ドラマ版デフ・ヴォイス待機中
ついに1週間後に、10年以上前から待っていたデフ・ヴォイスのドラマが放映される。
私たち、ずーっと待ってたね。2011年の夏にネット立ち読みを読んで、次の日には買って、そして読み終わっている私……
そして、このあたりで、すでに我々、日本手話関係者である岡さん、木村晴美先生とドラマ化の話をしているときた。
そして、確かに人気のある俳優である草薙剛さんが主演で、ろう者や難聴者が当事者の演技で、ドラマ化することになった。前編・後編でNHK(CMなし)で1時間ちょっと×2週連続でやるので、2時間ドラマよりちょっと長いくらいでじっくり見られそうなのもうれしい。
日本手話ネット民(?)の「わたしたち」は12年間、この時を待っていました。その間に、手話を扱ったドラマは、なんかあやしいのがたまにあって、2021年のアメリカ映画「コーダあいのうた」でろう者の俳優がアカデミー助演俳優賞を取った。そして去年のSilent。あれから一年。
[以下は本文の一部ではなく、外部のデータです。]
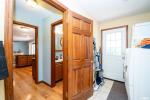 MLS# PA1267973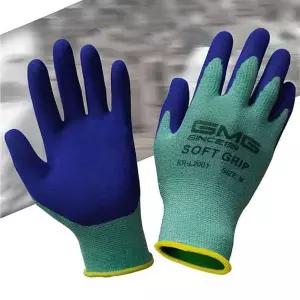 [하프클럽/]GMG L2001 소프트그립 장갑 중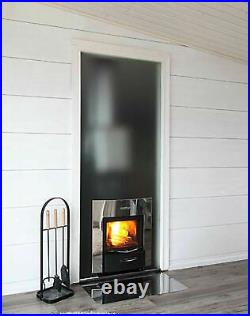 Sauna Woodburning Heater Harvia Legend 240 DUO for rooms 10 24 m3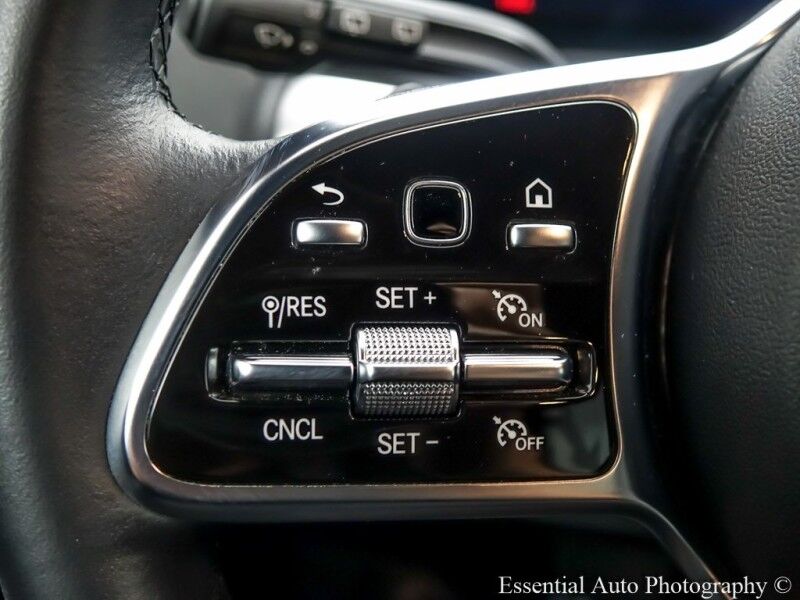 2023 Mercedes-Benz EQB EQB 250+ Willowbrook IL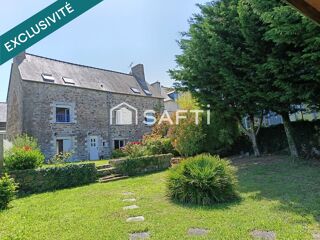  Maison à vendre 7 pièces 212 m²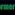 Radio Wormer logo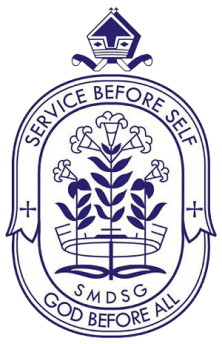 St Marys DSG PTA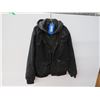 *Amnesia Jacket (size xl)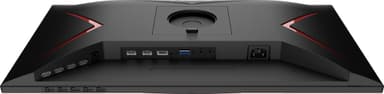 AOC 27G2U 27" gamingskjerm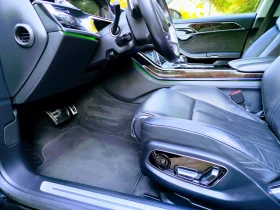 Audi A8 - 73790 лв. / 37728.23 € - 72650069 12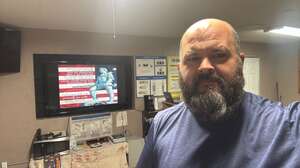 Florida Concealed Weapon License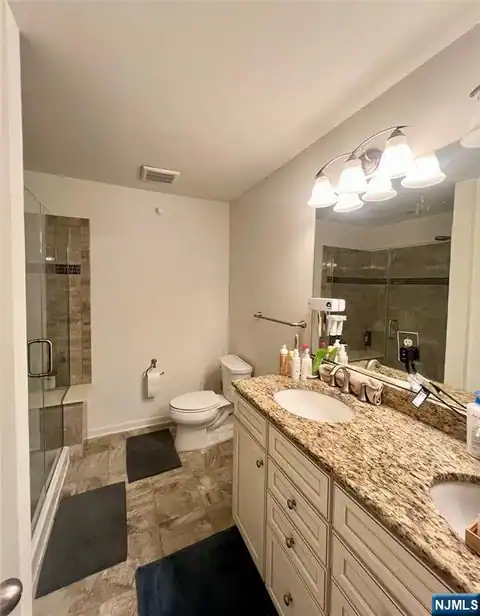 81 Autumn Way 20, Montvale, NJ 07645 — photo 21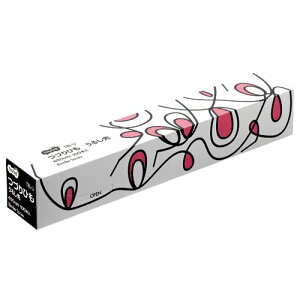 ÂЂ450mm邵PP16{D+Xt16{D 1Zbg(1000{:100{×10P[X)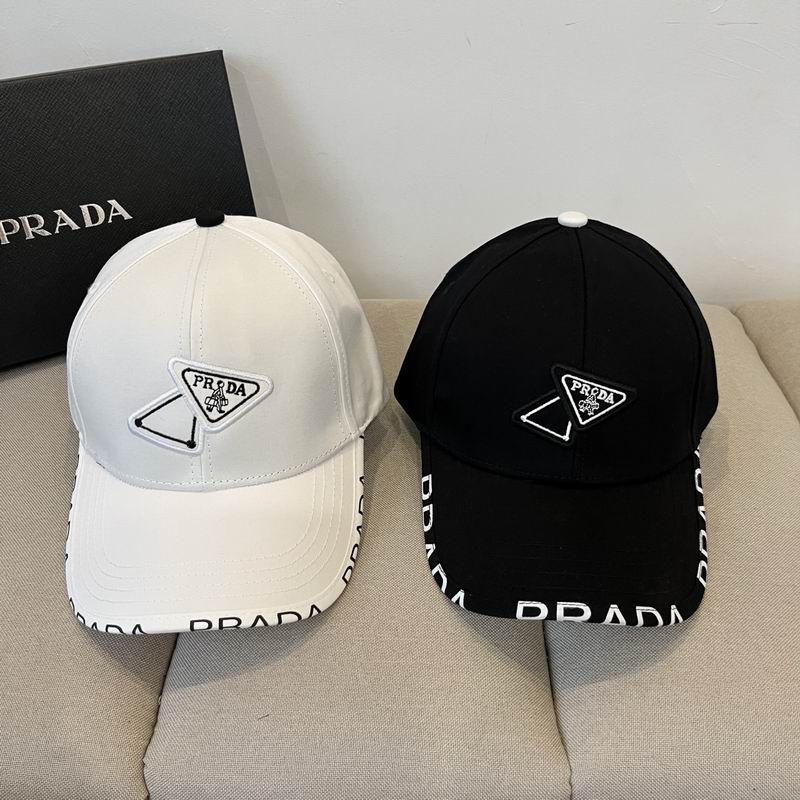 Prada cap dx (36)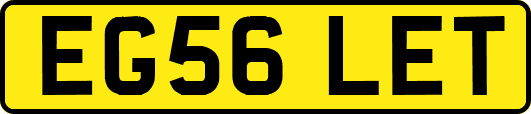 EG56LET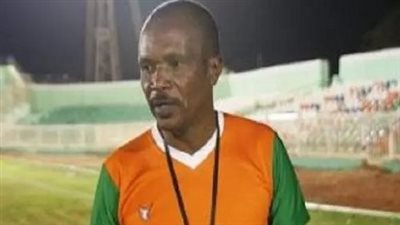 خاص - مدرب النيجر: الجزائر ستكون على مستوى الحدث.. ونريد أن نذهب بعيدا في البطولة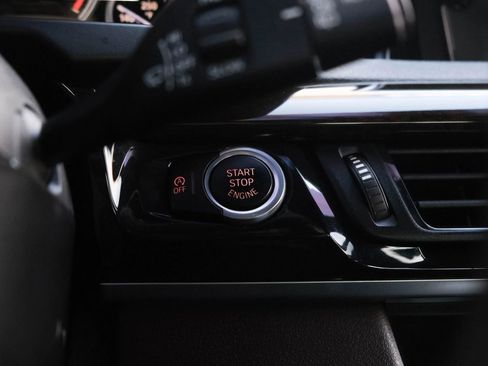 Used 2017 BMW X5 sDrive35i image 41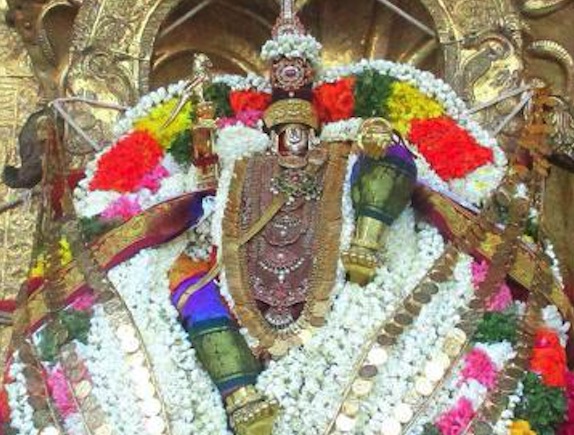 Alwar-Thirunagari-Sri-Aadhinatha-Swamy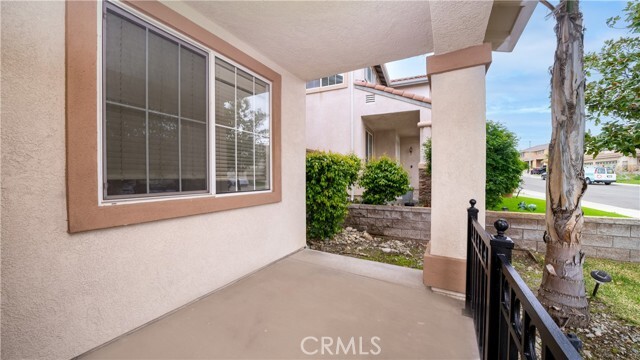 Photo - 5916 Wilshire Dr House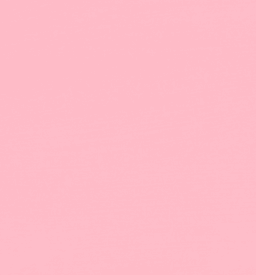 A profile image of klutzy <3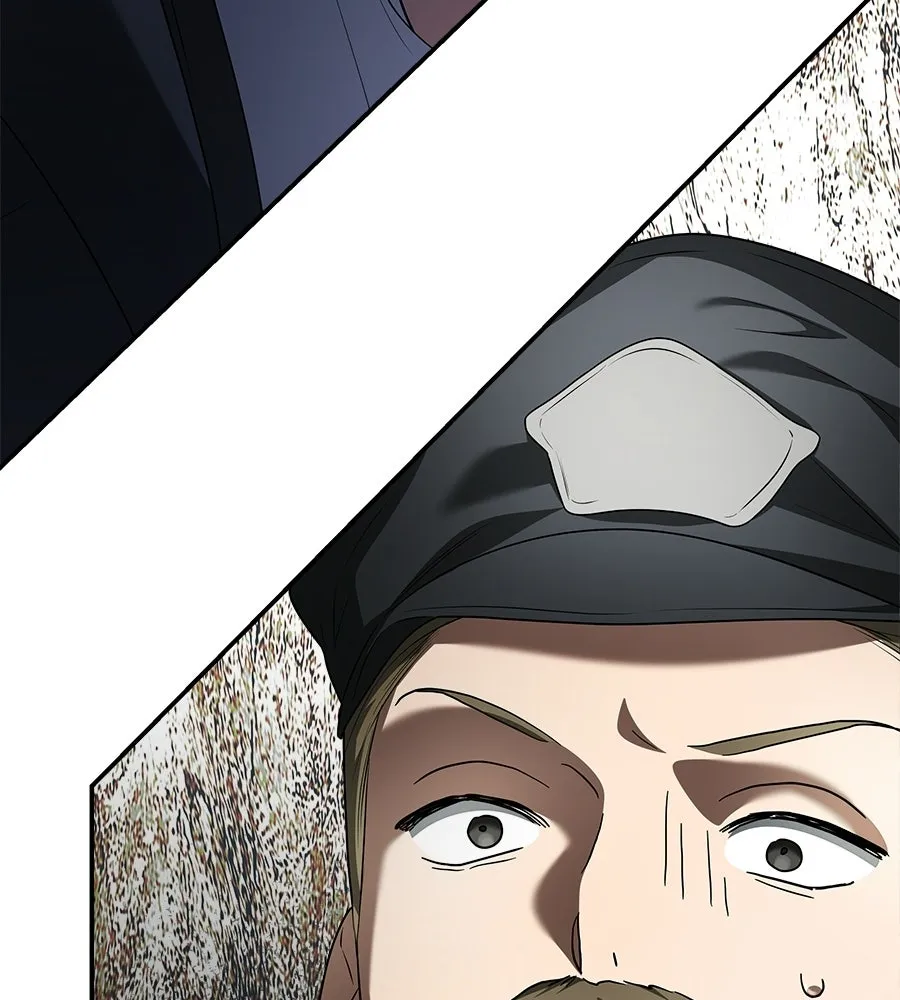 สัญญารักฉบับสุดท้าย ตอนที่ 29 รูปที่ 149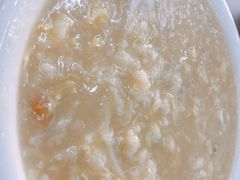 -顶之鲜海鲜餐厅
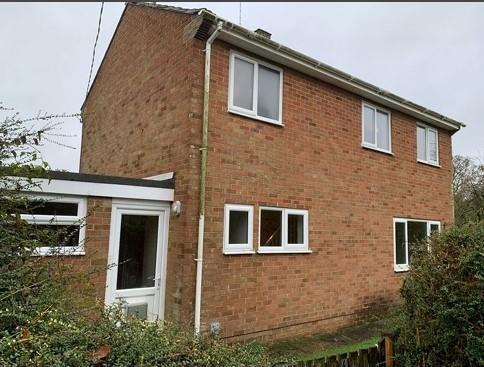 Main image of property: Little Hatherden, Hatherden, Andover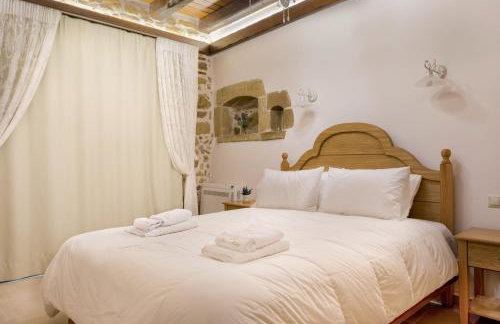 Villa Kois by PosarelliVillas - Foto 40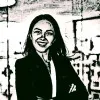Priyanjali Ghosh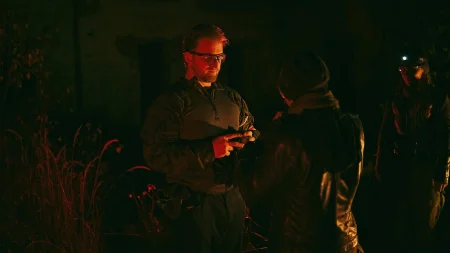 DeProfundis-1.beh-053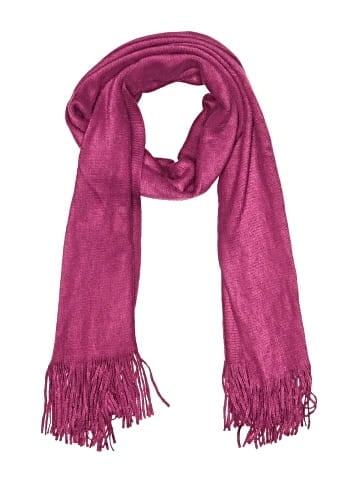 Merona Scarf (view 1)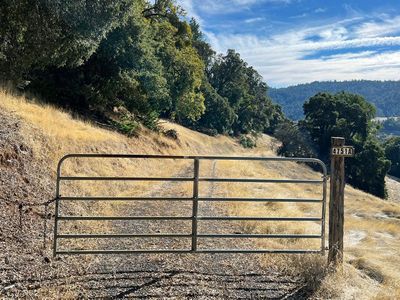 4701 Running Springs Road, Ukiah, CA, 95482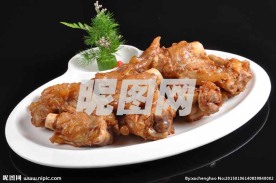 羊拐筋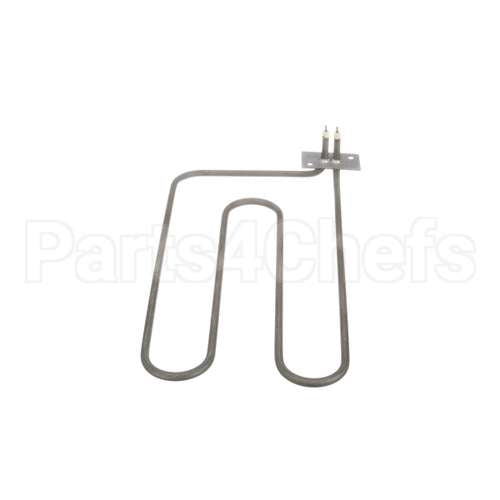 SU-P-209 Advance Tabco Sw-Element 120V 640W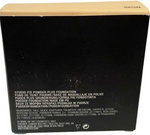 MAC Studio Fix Powder Plus Foundation Shade NC25 Full Size 15g / 0.52oz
Silentでは、主人公に手話を教えた女友達のろう者の「奈々」を夏帆さんが演じていて、そこに当事者俳優がほしかったよーと嘆いていたところ。
丸山先生が、ろう者の役はろう者に、難聴者の役は難聴者にと結構強くプッシュしていたことは、この講演でも話されていますね。まだの方は是非これも見て待機しましょう。公開期限が12/27になってるので…。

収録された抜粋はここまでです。